In August, Justice Ginsburg made news with her criticism of the Supreme Court:

If it’s measured in terms of readiness to overturn legislation, this is one of the most activist courts in history…. This court has overturned more legislation, I think, than any other.

This article by Adam Liptak in Sunday’s New York Times refutes Justice Ginsburg’s contention. As Liptak sums up the data, “If judicial activism is defined as the tendency to strike down laws, the court led by Chief Justice John G. Roberts Jr. is less activist than any court in the last 60 years.”

As I discussed in my original post on Ginsburg’s claim, I don’t think that her neutered definition of judicial activism is sound, nor do I think that Ginsburg can be taken seriously as a proponent of judicial restraint.

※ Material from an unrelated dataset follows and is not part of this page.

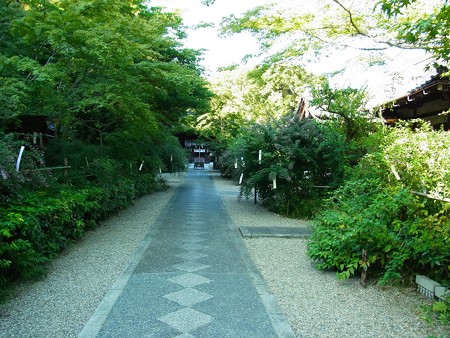 梨木神社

That said, it’s good to have the record straightened out on how often the so-called “Roberts Court” strikes down legislation.

I say so-called because I think that the convention of naming the Court after the reigning Chief Justice often obscures more than it enlightens. Given the decisive role that Justice Kennedy plays in so many 5-4 ideological divides (with the Obamacare case as a major exception), it would be far more accurate to think of the Court as the Kennedy Court.

Indeed, according to Liptak’s data, Justice Kennedy has voted with the majority in 94% of the cases in which the “Roberts Court” has struck down a law. As Liptak suggests, that fact makes rather bizarre Kennedy’s recent (award-winning) lament that “Any society that relies on nine unelected judges to resolve the most serious issues of the day is not a functioning democracy.”